Then I got this other one. It gives you the commitment of some of those trade unionists to health and safety in the workplace! How is this one? This is really good! “Some employers are apparently drug-testing employees, without the union approving it.”

Hon Members: What?

Hon JUDITH COLLINS: Oh, no! Fancy that!

Hon Members: No!

Hon JUDITH COLLINS: No! It is true; that is what he said. The industry, by the way—because you will want to know—involves driving great big cranes with great big containers. So what do you think? Do you think they could be drug tested? I thought that was pretty sensible. So I said: “Actually, ACC is really interested in keeping down accidents in the workplace. This is one of our big areas where we need to do even better. And, actually, frankly, I think an employer has to take a responsible line. Do you think it is OK for other employees to have to work in a situation where they have got a drunk or drugged person driving a great big crane with a big containers stuck to it?”. The fact is, no.

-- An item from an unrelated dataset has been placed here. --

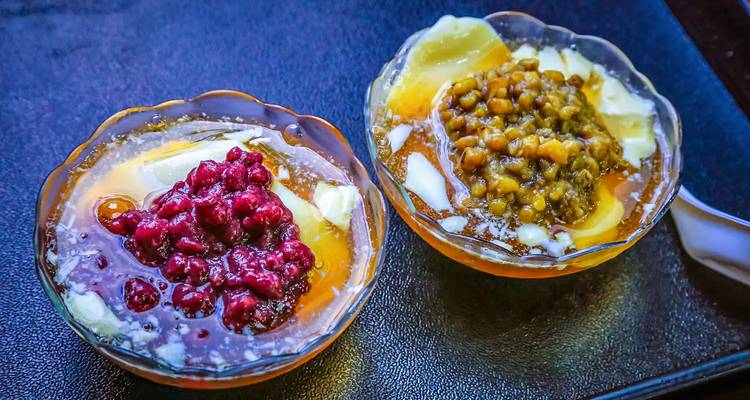 Deux bols en verre de desserts glacés pilés taïwanais colorés garnis de fruits et de haricots sur un plateau sombre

In essence, and in conclusion, ACC has been doing an excellent job around this particular area of getting claimants dealt with. However, I am still not happy with the privacy protocols. I am still not happy that the culture of the organisation has not gone as far as I would like. I am looking forward—when the new board is in place and the new chief executive appointed—to seeing further progress along the way. There has been great progress this year. There was fantastic progress in the 3 years before. There is still a wee way to go, but I am very confident that it will get there.

KEVIN HAGUE (Green) : I want to begin by referencing that great New Zealander Sir Owen Woodhouse and the amazing piece of work that he did in the 1960s and early 1970s on behalf of New Zealanders, in which he persuaded New Zealanders, in fact, to engage in a great social contract. It was a social contract where we gave away our right to sue—and thus gave away the expensive, inefficient, and haphazard basis of the harum-scarum of legal process as a means of trying to achieve redress in accident compensation—in exchange for our accident compensation scheme. It is a scheme based on principles of community responsibility, comprehensive entitlement, complete rehabilitation, real compensation, and administrative efficiency. That is the social contract that was engaged in between the State and New Zealanders.

I mention those principles not as a point of mere historical interest but because, in fact, that social contract still exists and New Zealanders expect, rightfully, that it will be honoured by the State in the form of the accident compensation scheme. This is not just some theoretical construct, because, indeed, the Accident Compensation Act that implements the Accident Compensation Corporation lists the purpose of the Act. I will give just the first part of it. The purpose of ACC “is to enhance the public good and reinforce the social contract represented by the first accident compensation scheme …”. The Woodhouse principles are not some historical curiosity. They are, indeed, part of the current accident compensation scheme, and they deserve to be honoured.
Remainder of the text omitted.